When creating digital artwork, one of the earliest choices is deciding on the color mode that will be used. While the decision is not irreversible, it’s beneficial to understand the differences between the two primary modes: RGB and CMYK.

Every time you take a picture with your phone or look at images through your television, you are utilizing the RGB color model. Red, green, and blue light combine in varying degrees to trick your eye into seeing a whole spectrum of color. Combining red and green light will create yellow; combining red and blue light will create magenta. All three in equal saturation will give you gray or white depending on the amount used and of course, black is a complete absence of light. Due to light being combined together to fill out the entire range of color, it is known as an Additive Model. It’s the mode used in graphics that are intended to be primarily viewed digitally.

Have you every wondered why graphic programs break RGB ranges in increments from 0 to 255 instead of percentages? This is due to the inherent way data is computed. You may have noticed options for “bit depth” for when selecting color mode (8 bits/channel, 16 bits/channel, 32 bits/channel). A “bit” in computer terminology–binary language–has only two opposing states: on (one) or off (zero). Stacking 8 bits in a row gives you 2 x 2 x 2 x 2 x 2 x 2 x 2 x 2 possible variations per channel (Red/Green/Blue). Not coincidentally, 2 to the 8th power gives a total of 256 possible states for each channel (or more precisely, 255 degrees of light plus 0 which equals no light).
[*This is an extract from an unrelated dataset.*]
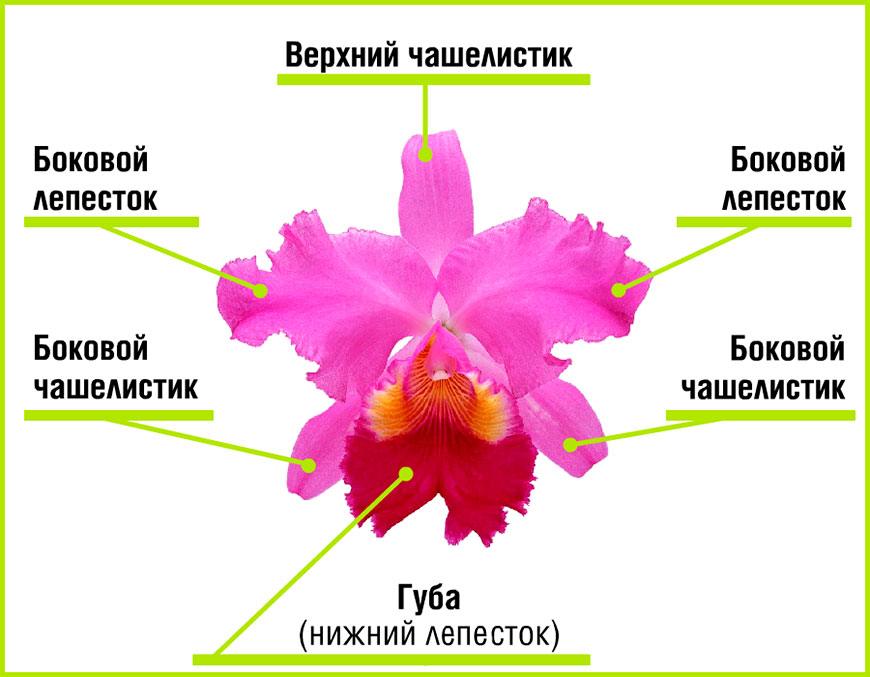 Компьютерный атлас-определитель ТРАВЯНИСТЫХ РАСТЕНИЙ (ЦВЕТОВ ...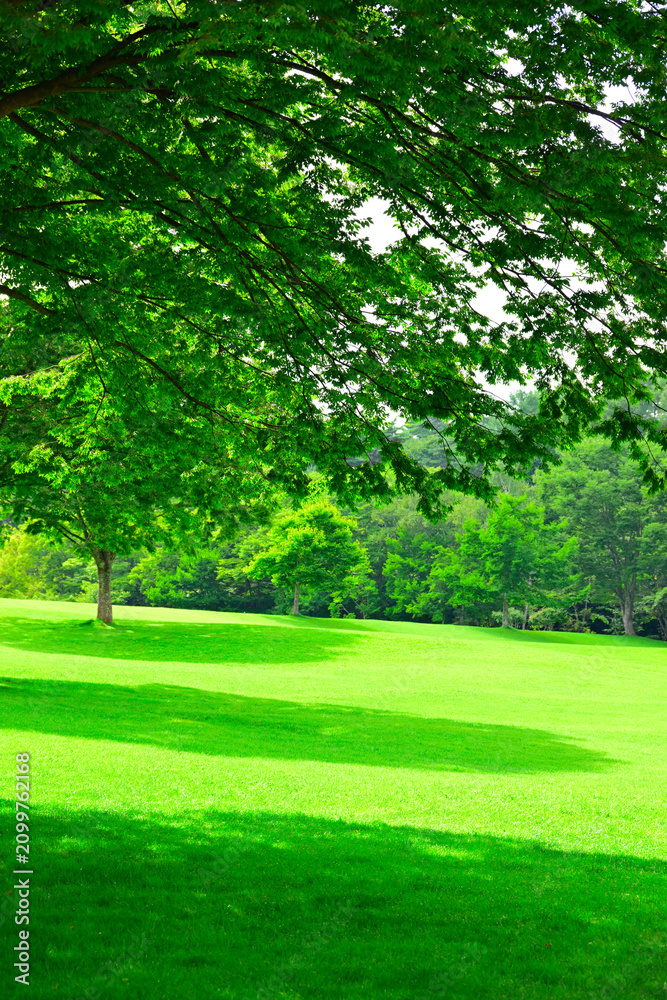 Obraz premium 緑の公園の芝生と木々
That means higher bit depth yields a color gamut with more variations, right? Yes… technically. But it real world applications, the difference between using a bit depth higher than 8 bits per channel usually only means larger file sizes and more memory intensive work environments with results that are often identical to the human eye. Having 256 potential states each for red, green, and blue produces close to 16.8 million colors once those channels are combined. Creating degrees of difference between all those colors is impractical and almost always unnecessary.

While it makes sense to create digitally viewed graphics in RGB mode, printing companies will often ask for files in CMYK. This is a process color system using Cyan, Magenta, Yellow and blacK inks patterned together in different percentages to trick your eye into seeing a whole spectrum of color. Once light hits the ink, it bounces away, losing part of its brightness and displaying the color perceived by our eye. For this reason, it is known as a Subtractive Model. The values associated with each ink is a direct correlation of what will be printed, which can mean more predictable results if printed pieces are intended to be the final use of the digital files.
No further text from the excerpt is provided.